Hypothesis generation during foodborne outbreak investigation will evolve as laboratory techniques advance. Molecular sequencing techniques based on WGS might give investigators more conviction in devoting resources to following leads because there is more confidence that the cases have a common source for their illnesses ( 17 , 37 ). Concurrent or recent nonhuman isolates (e.g., food isolates) that match human case isolates by sequencing will be considered even more likely to be related to the human cases and become a priori hypotheses during investigations.
Foodborne-outbreak investigation methods are constantly evolving. Food production, processing, and distribution are changing to meet consumer demands. Outbreak investigations are more complex, given that laboratory methods for subtyping, strategies for epidemiologic investigation, and environmental assessments are also changing. Rapid investigation is essential, because with mass production and distribution, food safety errors can cause large and widespread outbreaks. Outbreak investigations balance the need for expediency to implement control measures with the need for accuracy. If hastily developed hypotheses are incorrect or insufficiently refined, analytical studies are unlikely to succeed and can waste time and resources. Alternatively, a refined hypothesis can lead directly to effective public health interventions, sometimes bypassing the need for an analytical study, if accompanied with other compelling evidence, such as laboratory evidence or traceback information.
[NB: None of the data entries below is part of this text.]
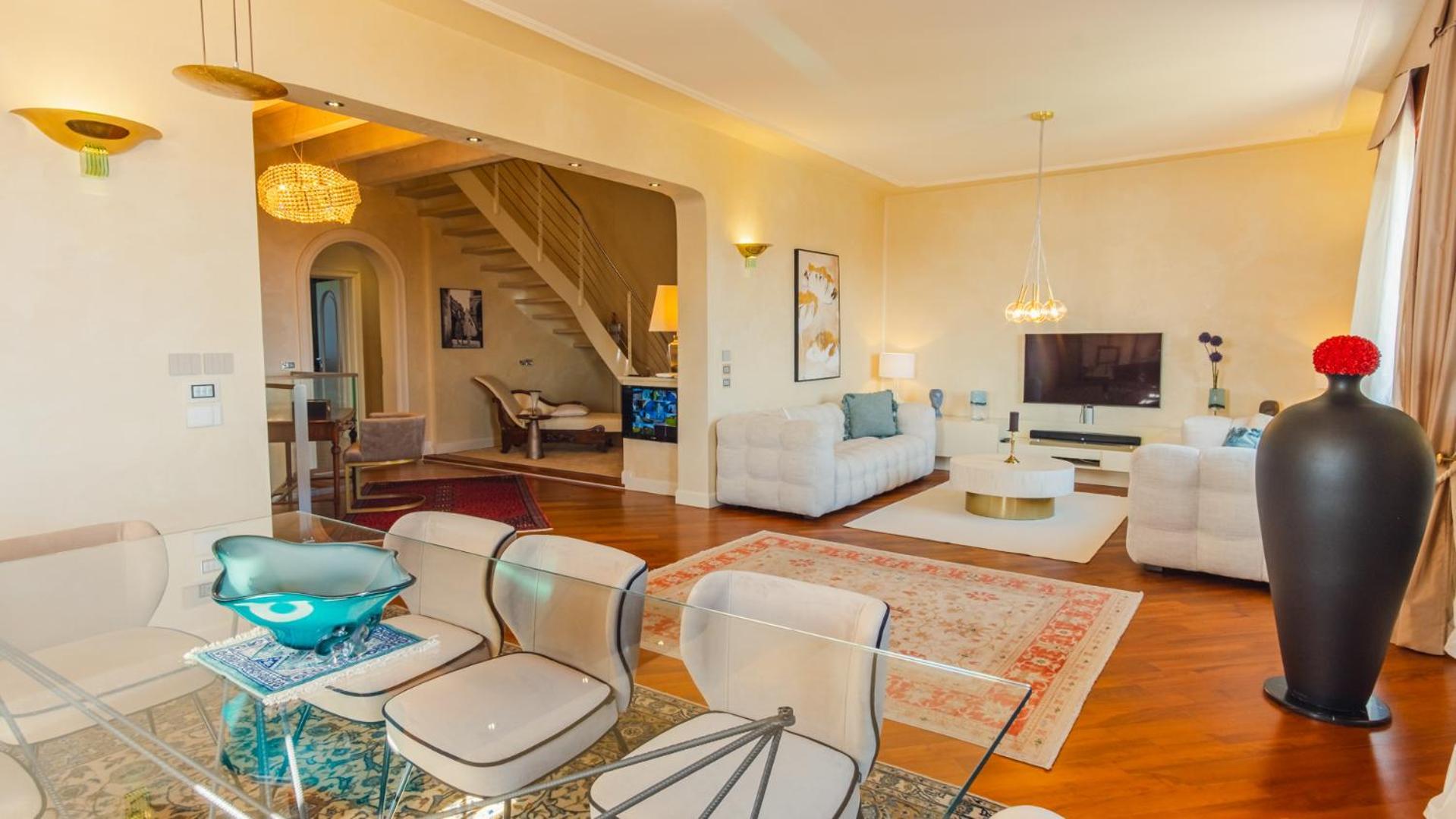 Villa Angela - Italian Homing Desenzano del Garda Kültér fotó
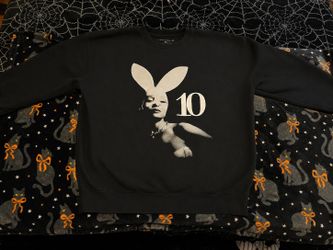 Eternal Sunshine Tour Merch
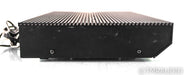 Musical Fidelity A1 Vintage Stereo Integrated Amplifier; AS-IS (Phono Defective)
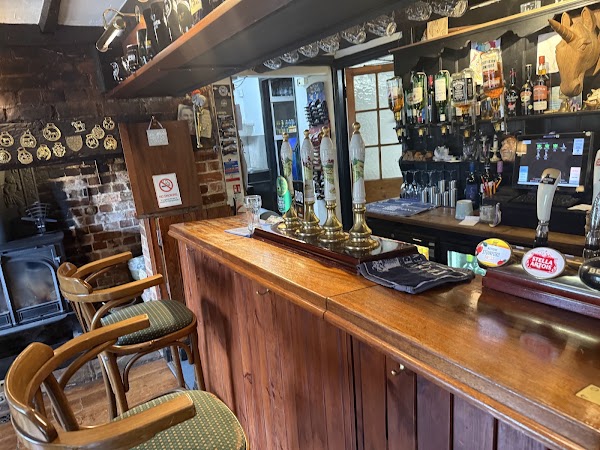 Unicorn Inn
Effectively and swiftly sharing data across jurisdictions increases an investigations team’s ability to quickly develop hypotheses and implicate food vehicles. Successful investigations depend on including the correct hypothesis, the result of a systematic approach to hypothesis generation. The exact path to identifying a hypothesis is rarely the same between outbreaks. Therefore, investigators should be familiar with different hypothesis-generating strategies and be flexible in deciding which strategies to employ.
Author affiliations: Department of Epidemiology, Colorado School of Public Health, Aurora, Colorado, United States (Alice E. White, Elaine Scallan Walter); Minnesota Department of Health, St. Paul, Minnesota, United States (Kirk E. Smith, Carlota Medus); Washington State Department of Health, Tumwater, Washington, United States (Hillary Booth); and Division of Foodborne, Waterborne, and Environmental Diseases, National Center for Emerging Zoonotic and Infectious Diseases, Centers for Disease Control and Prevention, Atlanta, Georgia, United States (Robert V. Tauxe, Laura Gieraltowski).
This work was funded in part by the Colorado and Minnesota Integrated Food Safety Centers of Excellence, which are supported by the Epidemiology and Laboratory Capacity for Infectious Disease Cooperative Agreement through the Centers for Disease Control and Prevention.
Conflict of interest: none declared.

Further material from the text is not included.